Further references to places of late medieval origin whose names incorporate the Bednall / Badnall /Beadnell name occur in the 16th and 17th centuries, several in connection with Bethnal Green, London.
Bethnal Green in London was called Bednall Grene in 1553 the name by which Samuel Pepys knew it. This version of the name also occurs in a 17th century play entitled "The Blind Beggar of Bednal-Green with the Merry Humor of Tom Stroud the Norfolk Yeoman", written by John Day. See also "The Journeys of Celia Fiennes 1698" by C.Morris (The Cresset Press, p.141, 282) where it is spelt Bednall Green and Historic Manuscripts Commission Reports 1911 to1957, London-re 9 Salisbury XVIII:72 Laing II.
The Blind Beggar of Bednall Green.
Showing how his daughter was married to a Knight, and had three thousand pound to her portion.
Bessee, the beggar's daughter of Bednall Green was very beautiful, and was courted by four suitors at once- a knight, a gentleman of fortune, a London merchant, and the son of the inn-keeper at Romford. She told them that they must obtain the consent of her father, the poor blind beggar of Bethnal Green. When they heard that, they all slunk off except the knight, who went to ask the beggar's leave to wed the "pretty Bessee.'' The beggar gave her 100 to buy her wedding gown. At the wedding feast he explained to the guests that he was Henry, son and heir of Sir Simon de Montfort.
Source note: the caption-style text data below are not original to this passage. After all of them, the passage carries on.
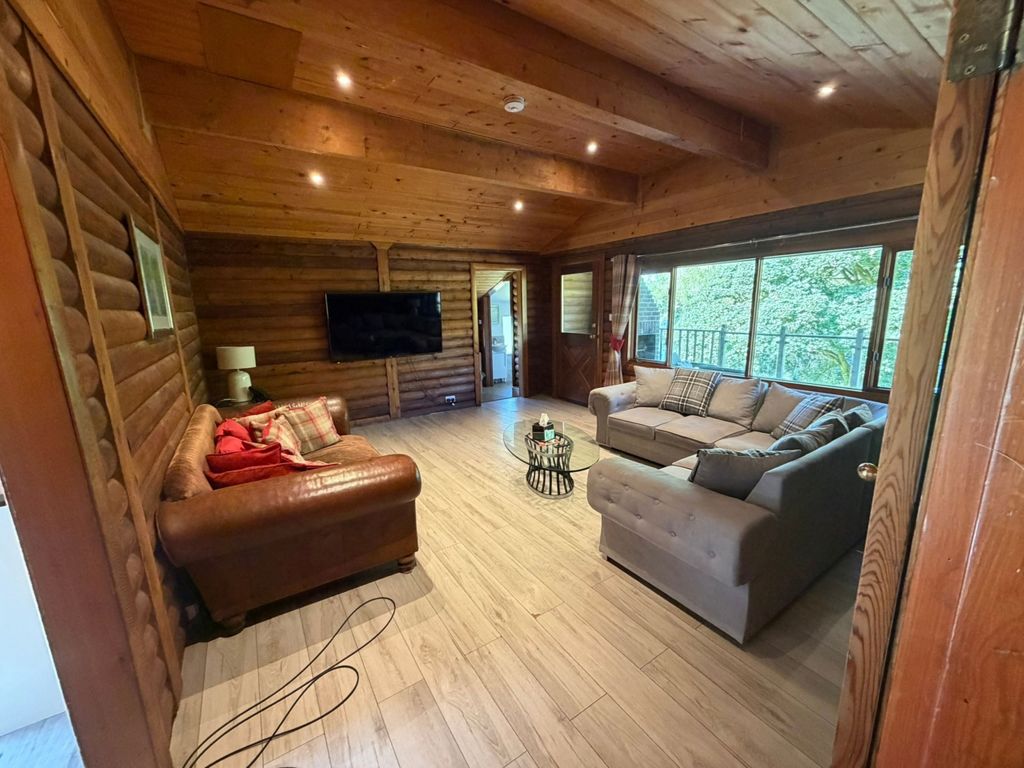 Property photo 2 of 16 2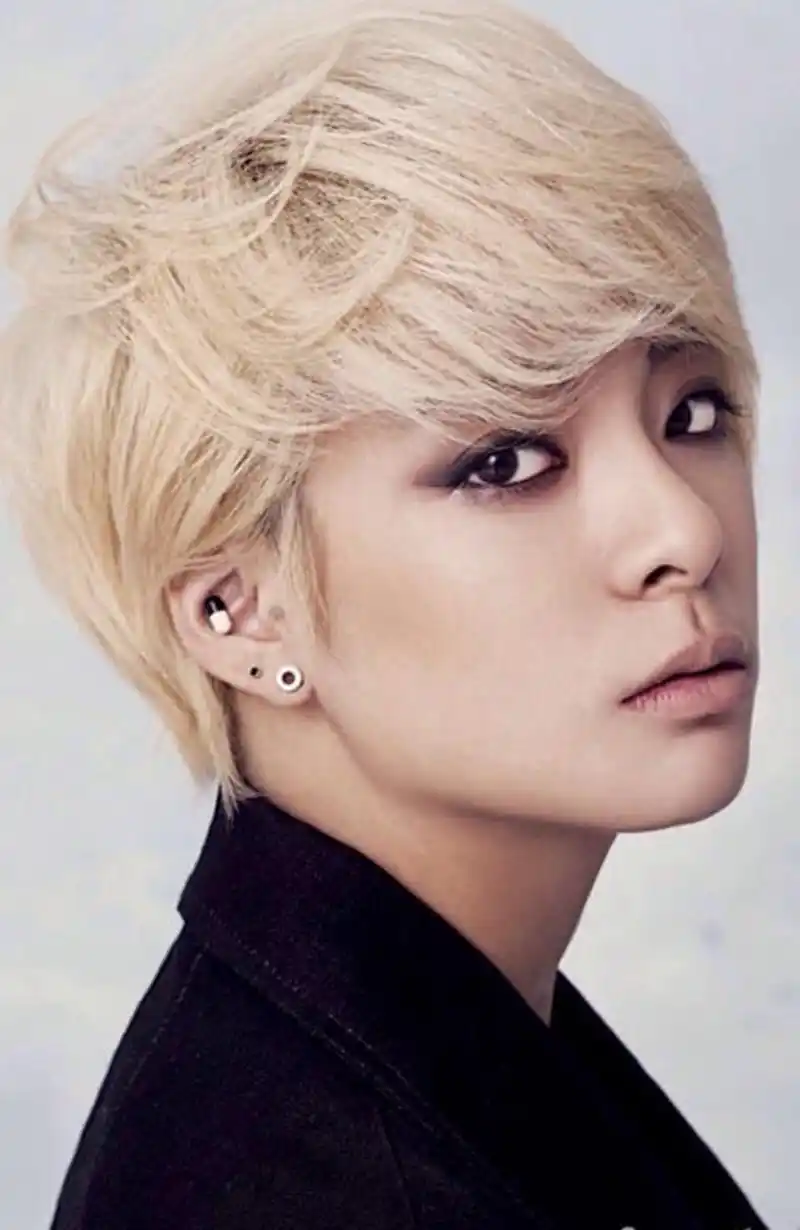 p>刘逸云(amber),1992年9月18日出生于美国 a target="_blank" href=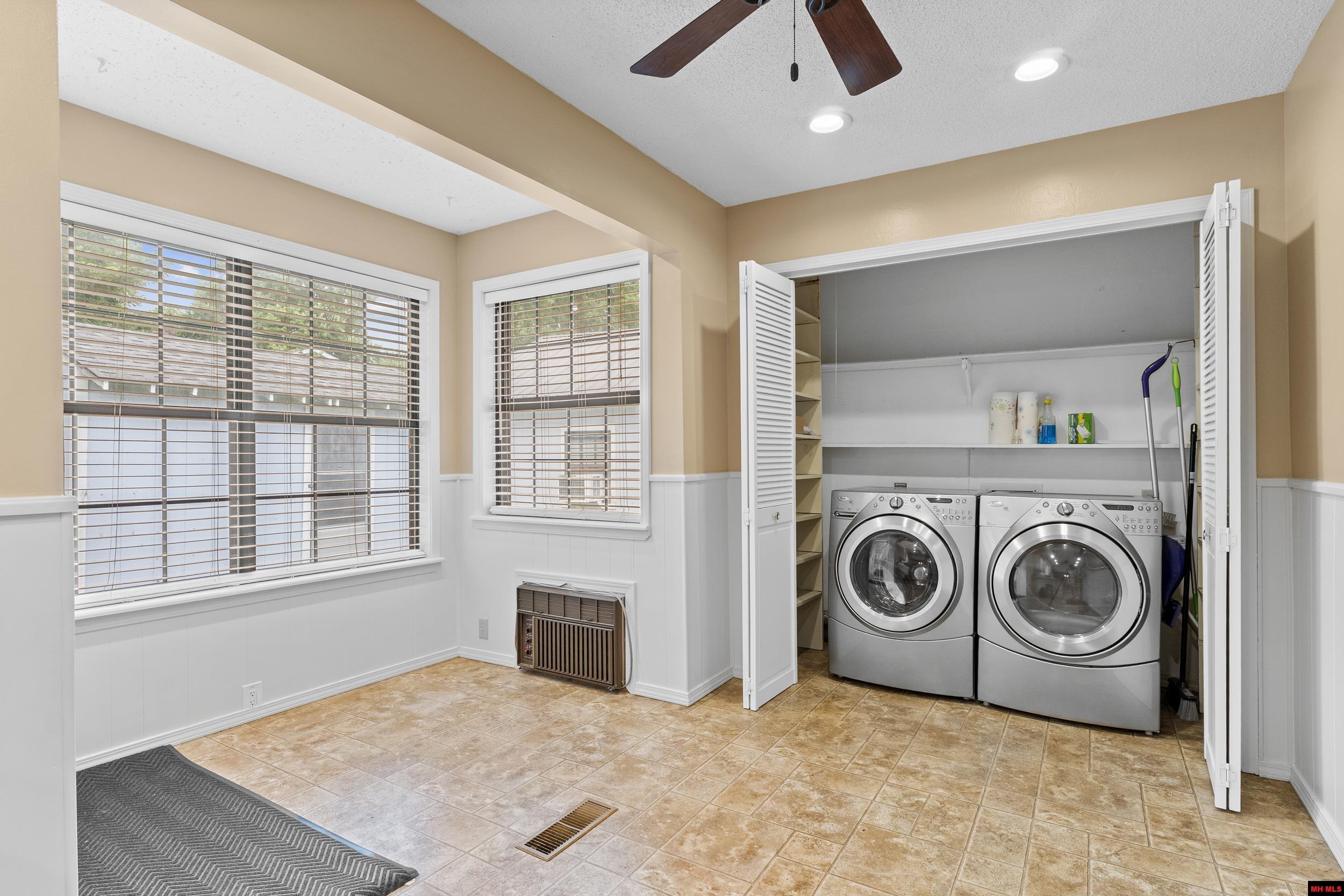 1001 HEATHERDOWN TRAIL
At the battle of Evesham the barons were routed, Montfort slain, and himself left on the field for dead. A baron's daughter discovered him; nursed him with care, and married him; the fruit of this marriage was ``pretty Bessee.'' Henry de Montfort assumed the garb and semblance of a beggar to escape the vigilance of King Henry's spies. (Percy: Reliques.)
Here the name appears to refer to a hamlet which grew up in a clearing in a wood in the late medieval period and like many such examples from various, formerly well wooded, parts of the country appears to be associated with the name of a person. However, the earliest (14th century) reported reference to Bednall alias Bethnal Green gives the name as Blithenhal and this tends to refute the above suggested origin. Further research is needed to clarify this matter since it is known that at least one of the Staffordshire Bednalls, a member of the lower gentry, visited London at various times in the late 14th century and had powerful friends at court. Another, Thomas Budenhall/Bedenhall, was a member of the household of John de Delves, Deputy Justiciar of Chester and one of the Black Prince's most valued servants. He undoubtedly travelled widely on his master's business and is likely to have had the access to patronage which would have enabled him to acquire, for himself or for his kin, the right to exploit a suitable forest or woodland site. Further research is needed to determine, perhaps from early charters and deeds, the origins of the various place names and the extent to which the various possible sources of the personal name actually contributed to the spread of the name and its various derivatives.